Task objective -> Using the material below, print a verbatim copy of every line from the one containing "TAGVO Hydration Bladder" through the one containing "Spodnie materiałowe damskie", inclusive, and omit the pictures.
(Source material begins)
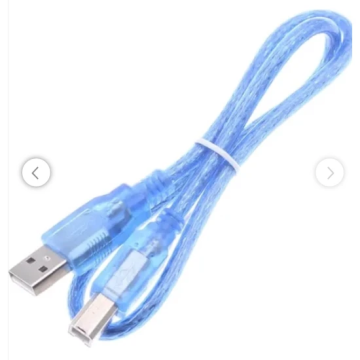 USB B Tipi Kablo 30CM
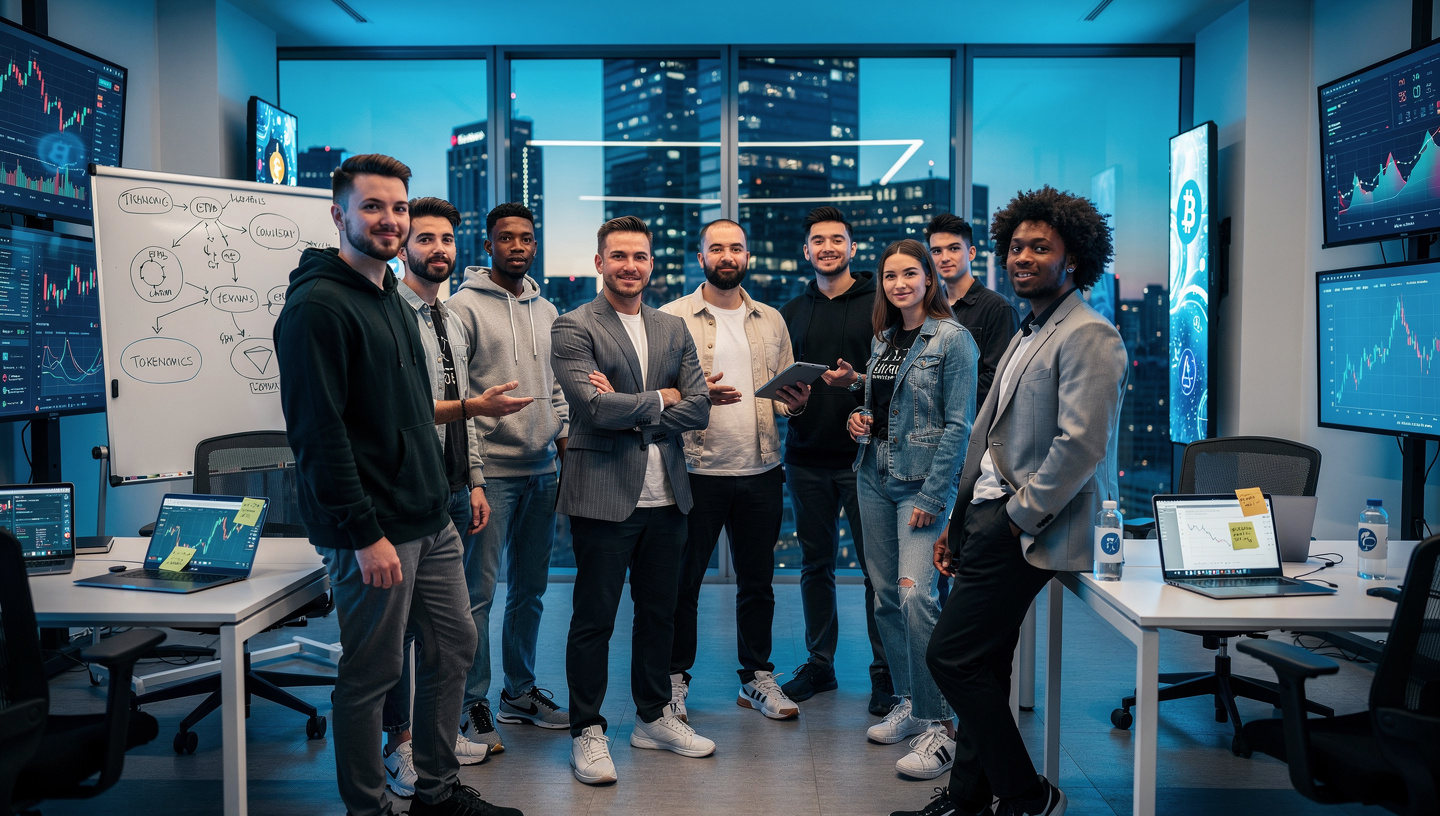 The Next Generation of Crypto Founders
(Source material ends)
(Source material begins)
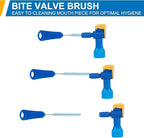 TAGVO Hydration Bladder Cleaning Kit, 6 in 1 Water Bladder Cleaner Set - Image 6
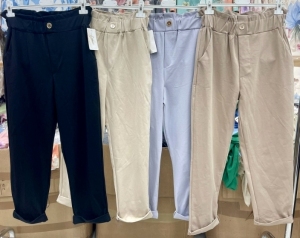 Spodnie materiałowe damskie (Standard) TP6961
(Source material ends)
Exercise result ->
 TAGVO Hydration Bladder Cleaning Kit, 6 in 1 Water Bladder Cleaner Set - Image 6
 Spodnie materiałowe damskie (Standard) TP6961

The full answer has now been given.